Dale:  There’s a scene wherein our main characters, Rem and Torval, are talking of the past, and the things they’ve done that have led them to Yenara. Rem says, “Everyone deserves a choice, don’t they?” to which Torval agrees. And that leads to Torval’s thoughts on the city itself.

“For good or ill, come salvation or perdition, Yenara always offers us a choice. That, I think, is the great gift she has given the world, and the main reason that men still fight to possess her and are possessed by her. Whatever your fate when your mother whelped you, when you come here, it is all erased. Yenara strips us of what we were, and demands that we become what we truly are.”

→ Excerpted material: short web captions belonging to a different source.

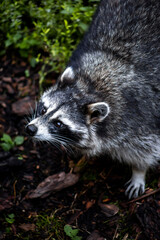 a curious raccoon peeks out and looks up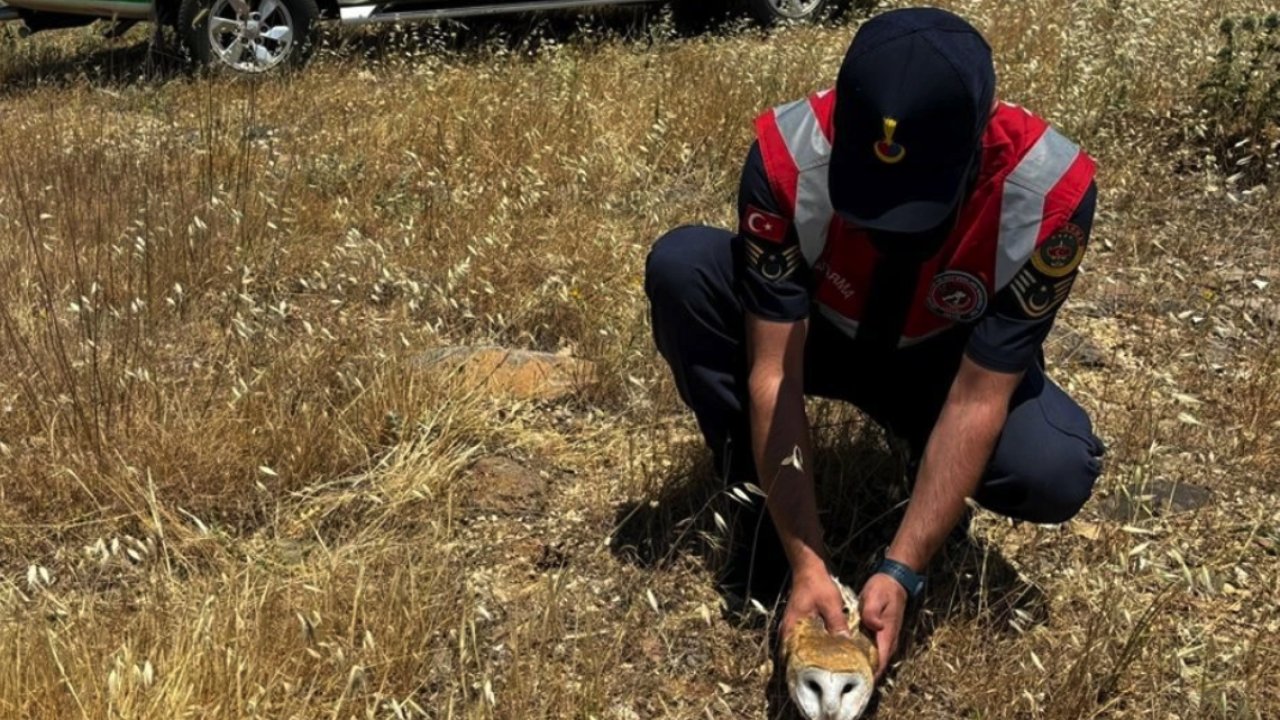 Gaziantep yaralı halde bulunan şahin ve baykuş tedaviye alındı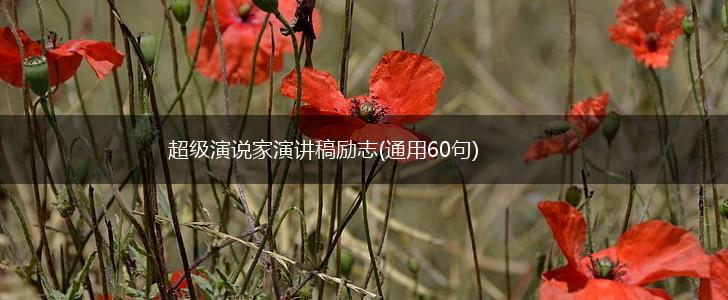 超级演说家演讲稿励志(通用60句),第1张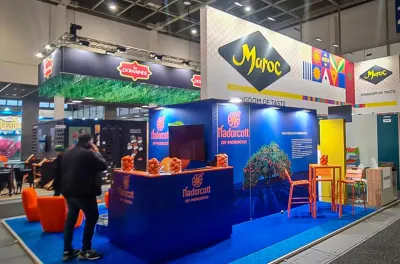 La Nadorcott, cette variété marocaine de mandarine, star du "Fruit Logistica" de Berlin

For me, that’s what the story’s all about, at its heart: finding your place in the world when the place you came from proves too small, or too limiting—a place where you can strip away all your pretensions and test your limits and be who you truly are.



TQWhat's next?

Dale:  Well, I’m neck-deep in a second Fifth Ward book at present, titled Friendly Fire, and I’ve got a third lined up following that. Beyond those, I have no clue what the future holds. We’ll have to see how the public takes to Rem and Torval before we’ll know if more adventures will follow—but I’m certainly ready to provide them. And I’ve got a few stories I’d like to tell in other worlds, other times and places. Only time will tell…



TQThank you for joining us at The Qwillery.

Dale:  Thank you! I appreciate the opportunity to prattle a bit!





The Fifth Ward: First Watch
The Fifth Ward 1
Orbit, July 11, 2017
Trade Paperback and eBook, 416 pages

A watchman of the Yenara City guard has gone missing. The culprit could be any of the usual suspects: drug-dealing orcs, mind-controlling elves, uncooperative mages, or humans being typical humans.

It's up to two reluctant partners -- Rem, a hungover miscreant who joins the Watch to pay off his bail, and Torval, a maul-wielding dwarf who's highly unimpressed with the untrained and weaponless Rem -- to uncover the truth and catch the murderer loose in their fair city.

"A brilliant premise, wonderfully told. A city that breathes, and heroes you can't help but root for." -- Nicholas Eames, author of Kings of the Wyld

"A glorious tour through fantasy's seamier side. A wilder ride than Middle Earth, and you'll love every minute of it!" -- Jon Hollins, author of the Dragon Lords series





About Dale

Photo by JP Wright
Dale Lucas is a novelist, screenwriter, and film critic from St. Petersburg, Florida.